Your goal: Write again exactly the lines in the listing below, starting at the line with "Lubyyang bear boyfriend emoji3" and ending at the line with "Injizierbarer Chip RFID", both included. Pictures are not copied.

Dataset excerpts:
*** Block opens ***

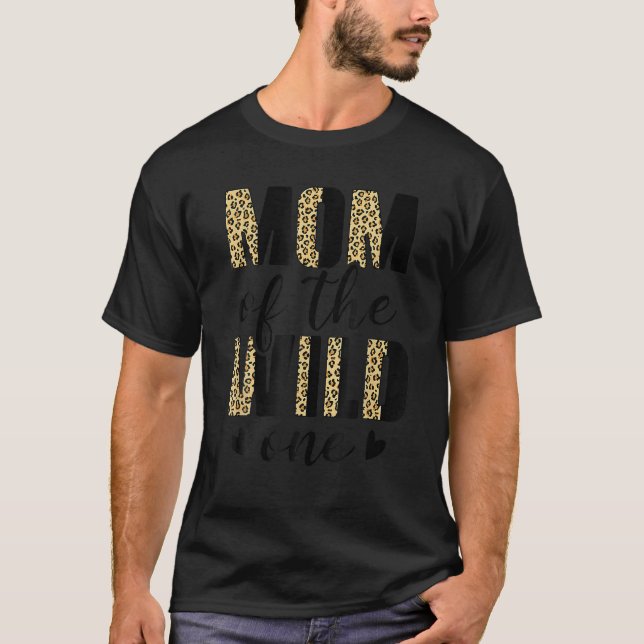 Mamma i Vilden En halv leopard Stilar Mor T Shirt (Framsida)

*** Block closes ***
*** Block opens ***

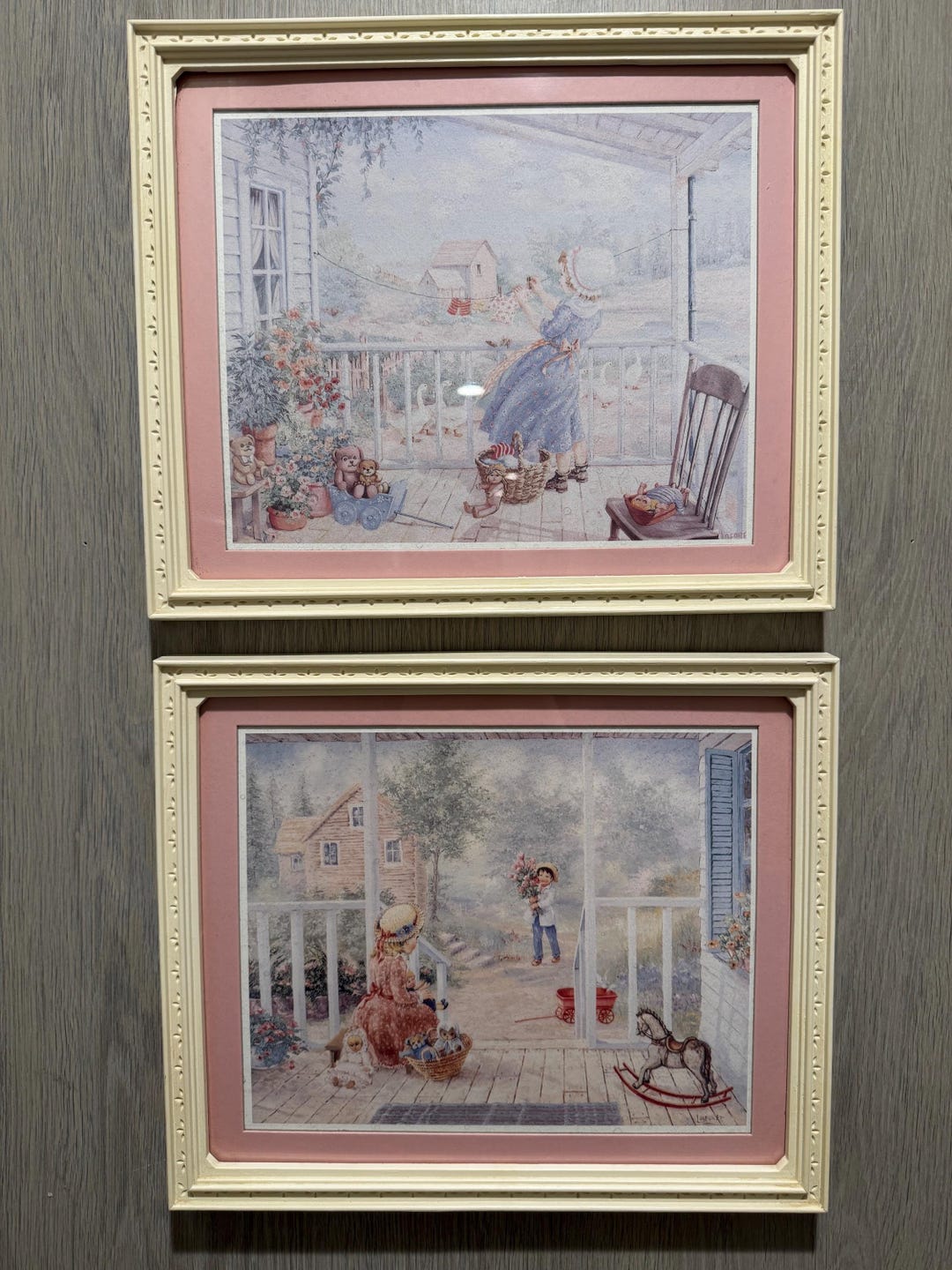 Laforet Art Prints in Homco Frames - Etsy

*** Block closes ***
*** Block opens ***

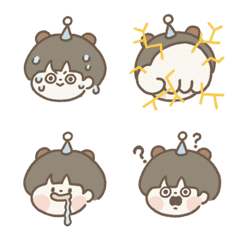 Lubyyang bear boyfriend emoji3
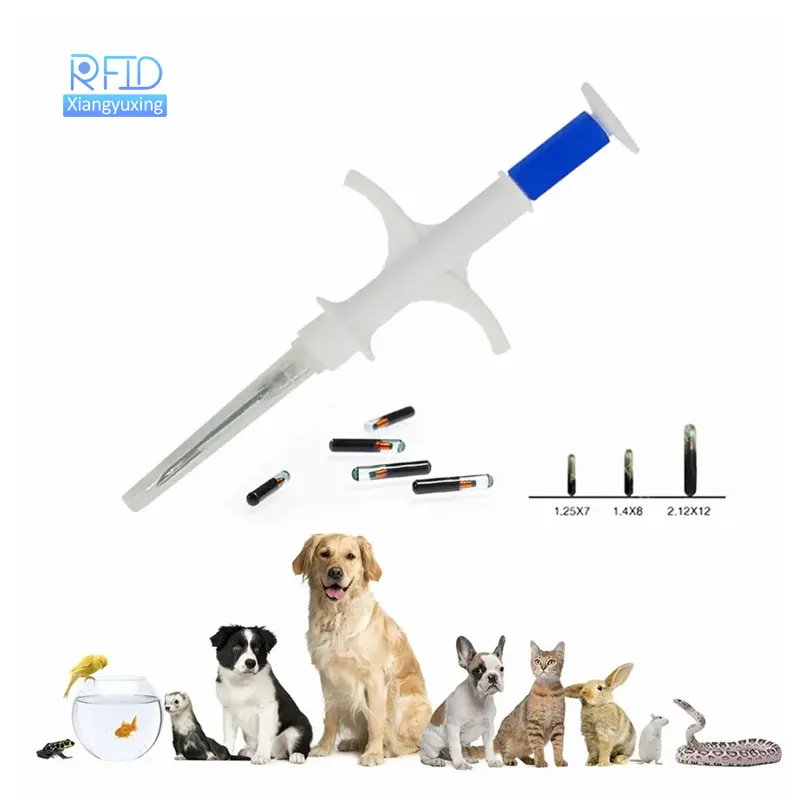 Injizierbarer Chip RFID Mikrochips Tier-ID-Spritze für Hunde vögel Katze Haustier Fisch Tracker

*** Block closes ***

Answer to this exercise:
 Lubyyang bear boyfriend emoji3
 Injizierbarer Chip RFID Mikrochips Tier-ID-Spritze für Hunde vögel Katze Haustier Fisch Tracker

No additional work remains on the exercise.